When the latest update was provided just a few weeks ago USGA chief executive officer Mike Davis stated the following.

“Hitting distances have consistently increased through time and, if left unchecked, could threaten the long-term future of our game. This is the first forward step in a journey and a responsibility the USGA and The R&A share with the worldwide golf community to ensure that golf continues to thrive for the next 100 years and beyond.”

Keep in mind, both the USGA and R&A were sleep-walking when major club and ball improvements happened over the span of 25 years. What should have been alleviated then now requires putting the genie back into the bottle. That’s hard to do. And various interest groups within the broader golf industry see solutions from the narrow and parochial lane spaces they respectively occupy.

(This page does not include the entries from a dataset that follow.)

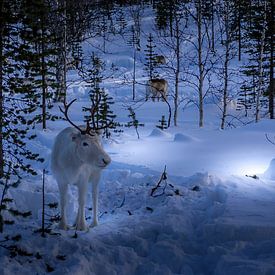 Rendier in de bossen van Fins Lapland van Erik Verbeeck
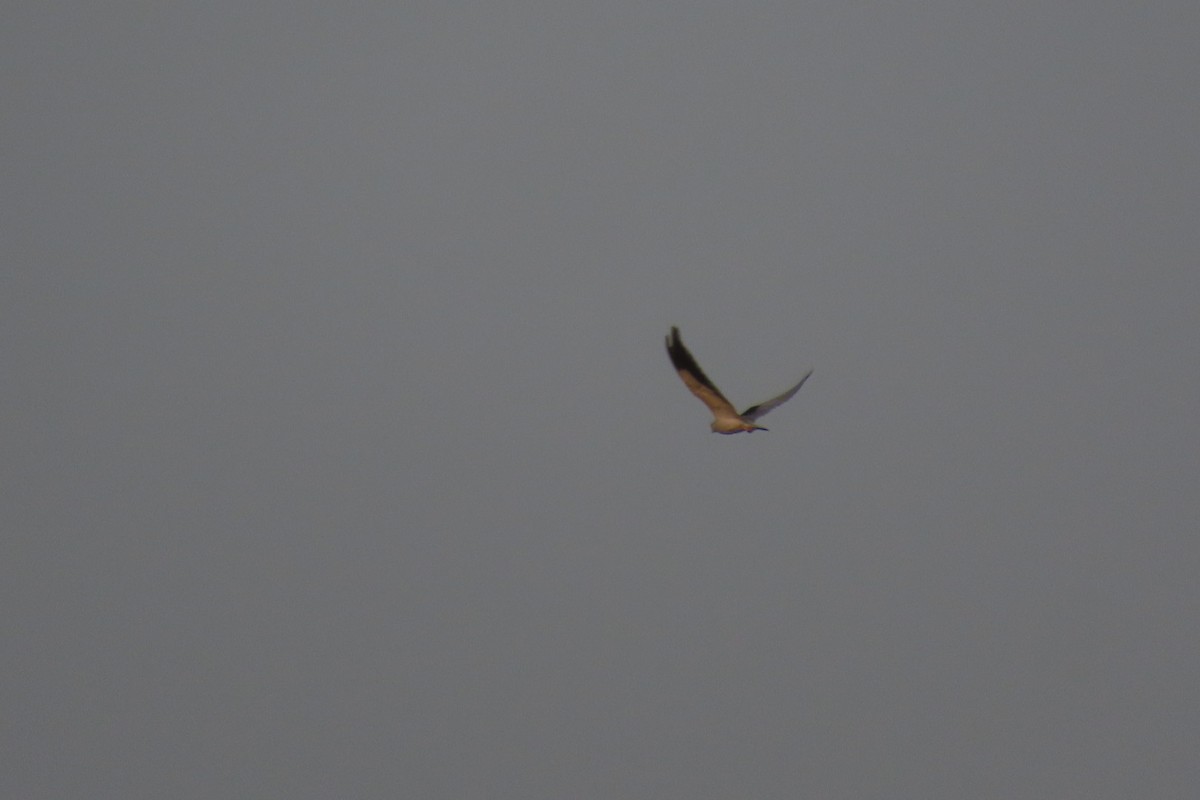 Black-winged Kite - ML619386876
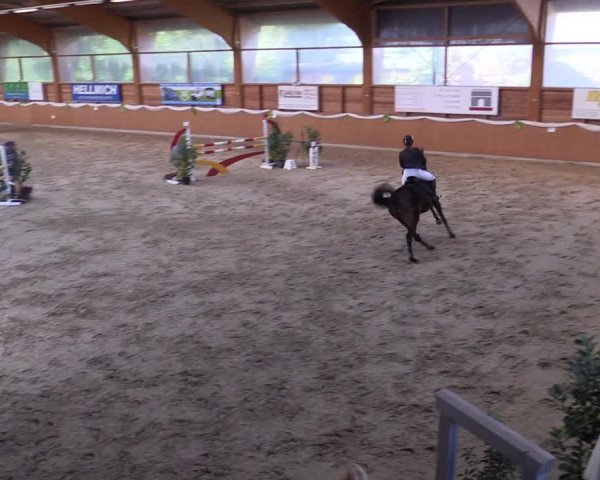 Reitturnier Xanten - Reitanlage Miss 2022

Both the USGA and R&A have stressed the importance in seeking transparency, welcoming collaboration and input. Part of that has to do with previous fumbles when rule changes for equipment were summarily announced years ago. Key equipment companies balked — some quickly positioning themselves for litigation via court action where serious damages could be levied if cases were affirmed. To say both organizations were chastened by the past is far beyond an understatement. Both organizations have since built financial nest-eggs — most notably the USGA — and the fear of being hit with a major lawsuit resulting in millions of dollars in damages is no small matter for the brain trust at Far Hills and St. Andrews respectively.

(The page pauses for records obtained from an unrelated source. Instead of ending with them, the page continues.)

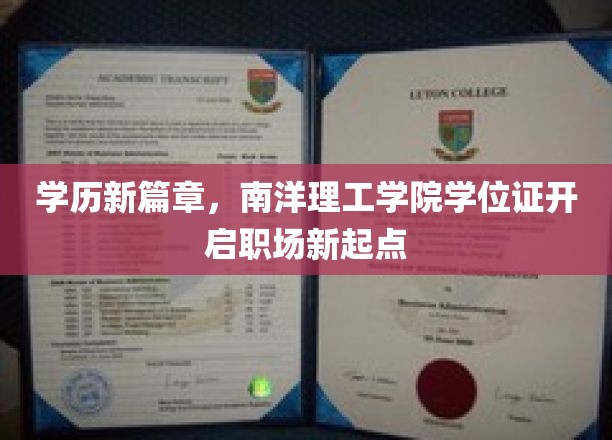 学历飞跃新纪元，南洋理工学院学位证助力职场起航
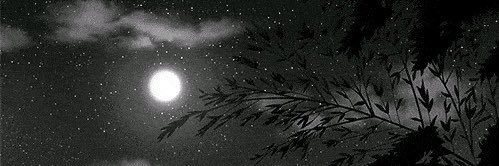 megg1295's profile banner image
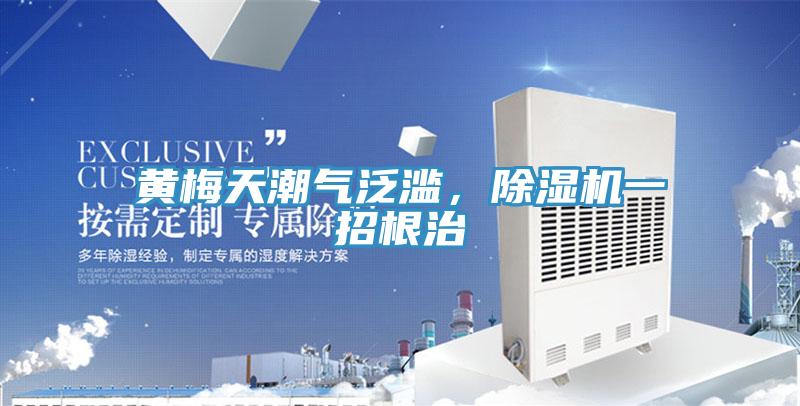 黃梅天潮氣泛濫，除濕機一招根治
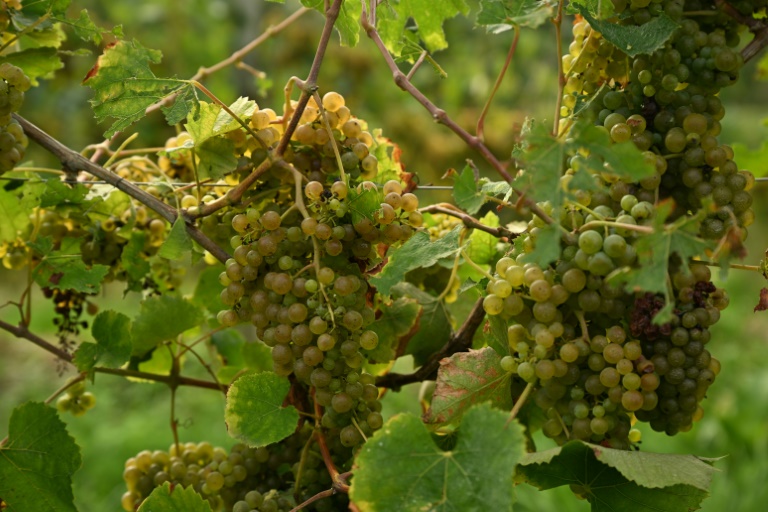 Le réchauffement des étés bouleverse en particulier, en France, le calendrier de ce mois de vendanges qu'est septembre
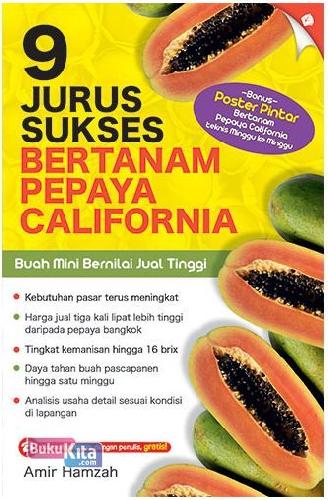 9 jurus sukses bertanam pepaya california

Why both organizations waited so long is hard to fathom. Statistical data has been present for quite some time. In 2000 — only one golfer averaged beyond 300 yards on the PGA Tour – John Daly. Fast forward to 2020 and a total of 72 players are beyond that mark. Dan Puhl won the first statistically measured driving distance total in 1980 with a 274 figure. Last year’s winner — Bryson DeChambeau — averaged 321 yards. It doesn’t take a mathematics expert to see the clear reality. The average tour drive today is at 296 yards and it’s likely by 2024 the overall tour average will surpass the 300 mark. Given the clear data and outright progressions one can reasonably inquire who was watching the store?

Golf's distance debate
Martin Slumbers, Chief Executive Officer, The R&A
(David Davies/PA)

Unquestionably, today’s exceptional golfers have access to better teaching, training, nutrition, etc, etc. Being stronger means faster clubhead speeds and the wherewithal to take advantage of what technology provides. But, there’s also the reality various technological advancements escaped serious proactive involvement from rules making bodies sleeping at the switch when timely corrective action was needed.

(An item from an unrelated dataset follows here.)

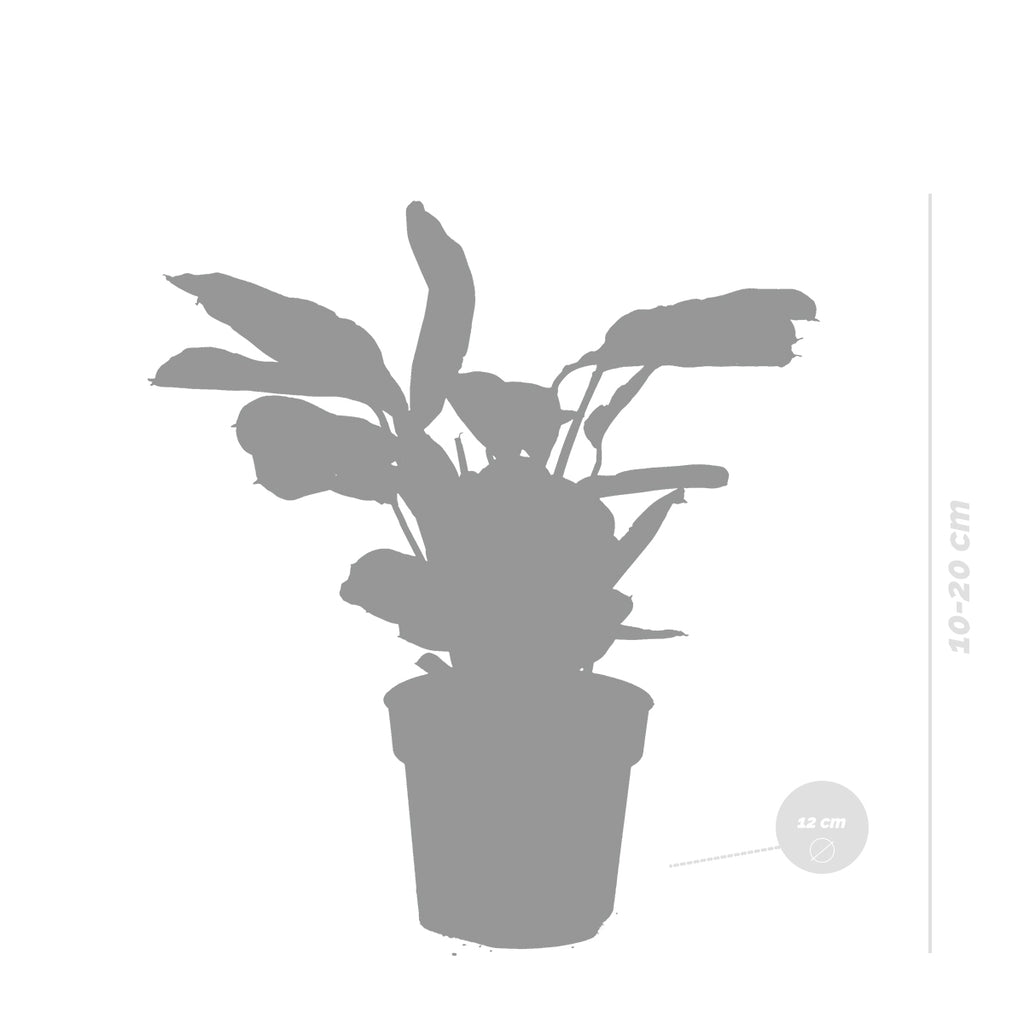 Ctenanthe Amagris – Indoor Plant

When titanium club heads made wooden heads obsolete, why no action then? Larger sized clubheads soon followed – ditto longer shafts. The same can be said when golf balls made a major leap when Titleist introduced the Pro V1 and Pro V1X lines in 2000. That pivotal moment meant the end of shorter balata balls and rock-hard counterparts.

Golf's distance debate
Four-time major winner Rory McIlroy decried recent announcement from
the USGA and The R&A on the subject of gains made from clubs and balls
(AP Photo/Frank Franklin II)

On the eve of the start of the Waste Management event four-time major champion Rory McIlroy stated in no uncertain terms his thoughts.

“I think the authorities, the R&A and USGA, are looking at the game through such a tiny little lens. What they’re trying to do is change something that pertains to 0.1% of the golfing community — 99.9% of the people that play this game play for enjoyment, for entertainment. They don’t need to be told what ball or clubs to use.”

The sixth-ranked player in the world further added – “Honestly, I think this distance insight report has been a huge waste of time and money, because that money that it has cost to do this report could have been way better distributed to getting people into the game.”

“99.9% of the people that play this game play for enjoyment, for entertainment. They don’t need to be told what ball or clubs to use.”

– Rory McIlroy

Courses used for championship designs have had to carry out major upgrades with overall yardages increased to combat the distance onslaught. When Tiger Woods won his first Masters in 1997 — total length for Augusta National was 6,925 yards. When Dustin Johnson snared the green jacket last November the course played 7,475 yards and even with the added length Johnson set a new record 72-hole total for the event. 

Keep in mind, not all courses have the financial resources or space to simply keep moving tees to longer and longer positions. If such trends continue, having championship courses exceeding 8,000 yards will not be out of the realm of possibility. There’s also the companion issue of sustainability — both from a financial and environmental perspective.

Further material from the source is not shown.